Mega projelerin etkisi İstanbul’un idari sınırlarını aşıyor!
TOKİ Strateji Geliştirme Dairesi Başkanlığınca gerçekleştirilen Ev ve Şehir Seminerlerinin 26’ncısı yapıldı.
TOKİ Strateji Geliştirme Dairesi Başkanlığınca düzenlenen Ev ve Şehir Seminerlerinin 26’ncısı yapıldı. “Bölgeselleşen İstanbul: Marmara Bölgesinde 1990 Sonrası Arazi Örtüsü Dönüşümü” konulu seminerde açıklamalar yapan Dr. Özlem Altınkaya Genel, kentleşmenin, mega projelerin ve endüstrinin 1990-2012 tarihleri arasında Marmara Bölgesi arazi örtüsünde yarattığı değişimi haritalar üzerinden anlattı.
Dr. Özlem Altınkaya Genel, Harvard Üniversitesi'nde bitirdiği doktora tezi araştırmaları kapsamında İstanbul’un kentsel gelişiminin yarattığı ekolojik değişimleri, İstanbul ve yakın çevresine odaklanan metropoliten ölçek yerine, bölgesel ölçekten faydalanarak Marmara Bölgesi’nde gerçekleşen ekolojik dönüşümü masaya yatırdı. Genel, küçük bir bölgede büyük bir çeşitlilik içeren arazi kullanım örüntüsü olduğunu söyleyerek Gemlik’teki zeytinlikler, Manyas Kuş Gölü, Dilovası gibi alanların ağır kentleşme baskısı nedeniyle sürdürülebilirlik problemleriyle karşı karşıya olduğunu belirtti.
İstanbul’a bölgesel ölçekten bakıldığında, yeni kentsel ve ekolojik farkındalıklar yakalanabileceğini belirten Genel, bölge çapındaki endüstriyel yayılmanın parçalanmış bir peyzaj yarattığını da söyledi.
“MEGA-PROJELERİN ETKİSİ İDARİ SINIRLARI AŞIYOR”
Marmara Bölgesi ve İstanbul’un mega-projeler bağlamındaki etkileşiminin de üzerinde duran Özlem Genel, bu projelerin etkilerinin İstanbul’un idari sınırlarını aştığını söyleyerek, Kanal İstanbul Projesi’nin Karadeniz ve Akdeniz havzalarının ekolojilerini etkileyecek kapasitede olduğunu söyledi.
Genel, 6360 Sayılı Büyükşehir Belediyesi Kanunu’na da değinerek, “Kanunun mülki idare bölümlerinde neden olduğu değişiklikler kadar tetikleyeceği ekolojik değişimlerin de üzerinde durulmalıdır” diye konuştu.

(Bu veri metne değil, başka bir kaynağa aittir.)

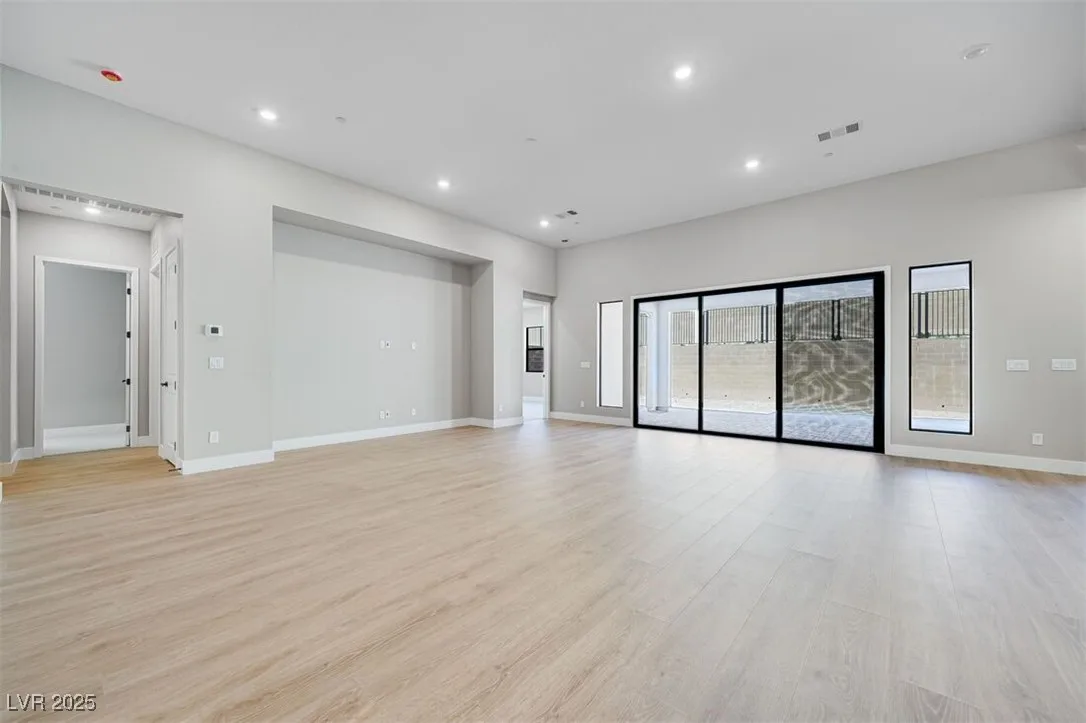 489 Carter House Way — photo 3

“İSTANBUL, BÖLGELER ARASI DİNAMİKLERİN HÂKİMİ”
Çalışmaları kapsamında farklı arazi örtülerinin birlikteliğini ve yoğunluklarını gösteren haritaları da paylaşan Genel, araştırmaları kapsamında elde ettiği verilerle 1990-2012 yıllarında Marmara Bölgesi’ndeki tarım ve orman arazilerindeki değişimin, bölgenin kırsal ve kentsel yerleşim sistemindeki dönüşümün ve mekânsal dağılım dinamiklerinin ortaya konulduğunu söyledi.

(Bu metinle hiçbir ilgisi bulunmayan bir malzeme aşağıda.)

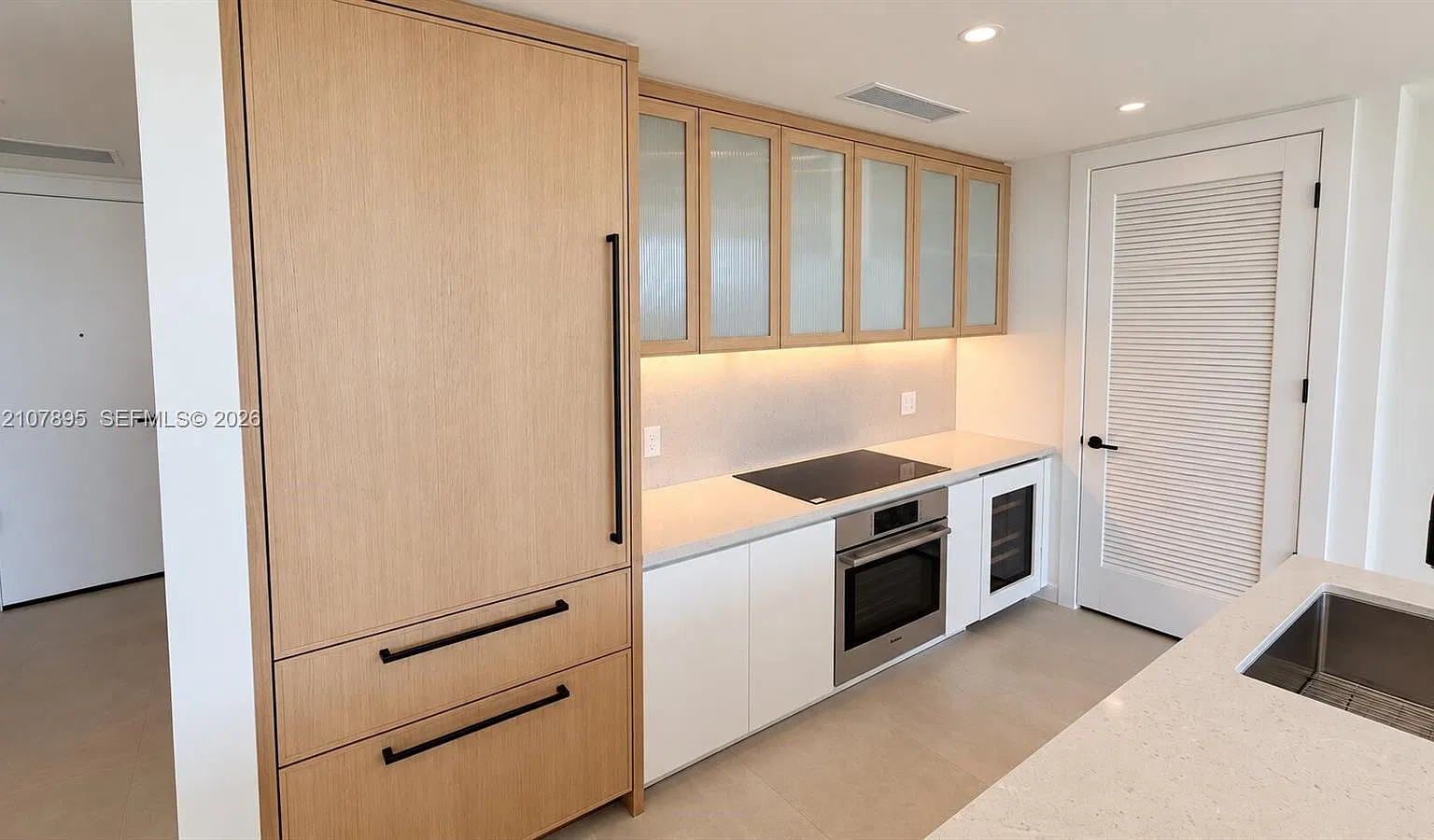 2200 Brickell Condominium — Photo 4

Çalışmadan elde edilen sonuçlara göre yoğun endüstriyel gelişmeye rağmen Trakya ve İstanbul’un çevresindeki tarım alanlarının direndiğini dile getiren Genel, “İstanbul’un ise bölgeler arası dinamiklere hâkim olmaya devam edeceğini, ama coğrafi ilişkileri aşamayıp tekillik durumunu sürdüreceğini söyleyebiliriz” dedi.